_Provided entries_.
********

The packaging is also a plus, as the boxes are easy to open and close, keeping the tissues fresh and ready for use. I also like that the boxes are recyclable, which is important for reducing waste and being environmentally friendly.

********

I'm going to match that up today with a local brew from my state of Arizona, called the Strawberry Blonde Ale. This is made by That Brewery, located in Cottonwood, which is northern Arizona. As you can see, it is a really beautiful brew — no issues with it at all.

********

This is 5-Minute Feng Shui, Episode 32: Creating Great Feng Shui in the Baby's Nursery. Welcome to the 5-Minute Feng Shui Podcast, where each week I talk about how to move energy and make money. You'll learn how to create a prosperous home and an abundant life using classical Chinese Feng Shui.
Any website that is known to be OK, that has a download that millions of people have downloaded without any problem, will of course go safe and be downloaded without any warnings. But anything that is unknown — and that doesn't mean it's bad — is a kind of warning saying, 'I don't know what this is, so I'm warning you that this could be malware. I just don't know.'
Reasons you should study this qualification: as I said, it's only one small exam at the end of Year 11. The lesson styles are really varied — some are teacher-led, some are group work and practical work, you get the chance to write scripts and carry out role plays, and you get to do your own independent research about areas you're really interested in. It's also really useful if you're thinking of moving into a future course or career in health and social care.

********

_What is required_.
If a line in the entries above holds the word "really", count it; then report the total alone.

_Answer_.
2